Zero-copy, SIMD-aligned tensor protocol for high-performance ML infrastructure.

[![PyPI version](https://img.shields.io/pypi/v/tenso)](https://pypi.org/project/tenso/)
[![Python 3.10+](https://img.shields.io/badge/python-3.10+-blue.svg)](https://www.python.org/downloads/)
[![License: Apache 2.0](https://img.shields.io/badge/License-Apache%202.0-blue.svg)](https://opensource.org/licenses/Apache-2.0)

---

## Why Tenso?

Most serialization formats are designed for general data or disk storage.
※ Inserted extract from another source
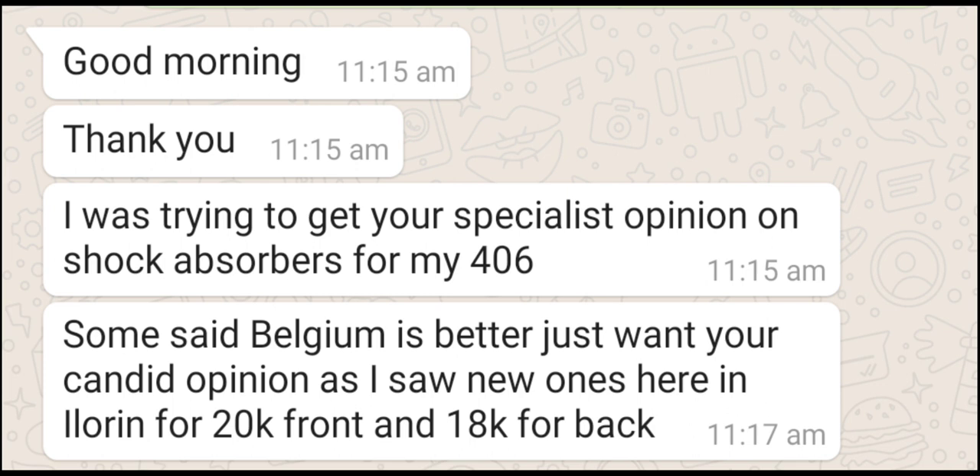So the answer is not simply yes or no. A used one can serve you better than a cheap new 20,000 Naira one. However, a cheap new one may also serve you better in some cases, depending on the engine. I'm not saying don't buy a new one at all, but if it's a V6 and you can't afford the original OEM shock absorbers costing 40,000 Naira or more, go buy a used one — forget those cheap new ones.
Tenso is **focused on network tensor transmission** where every microsecond matters.

### The Problem

Traditional formats waste CPU cycles during deserialization:
- **SafeTensors**: 37.1% CPU usage (great for disk, overkill for network)
- **Pickle**: 40.9% CPU usage + security vulnerabilities
- **Arrow**: Faster on serialization, but up to 32x slower on deserialization for large tensors

### The Solution

Tenso achieves **true zero-copy** with:
- **Minimalist Header**: Fixed 8-byte header eliminates JSON parsing overhead.
- **64-byte Alignment**: SIMD-ready padding ensures the data body is cache-line aligned.
- **Direct Memory Mapping**: The CPU points directly to existing buffers without copying.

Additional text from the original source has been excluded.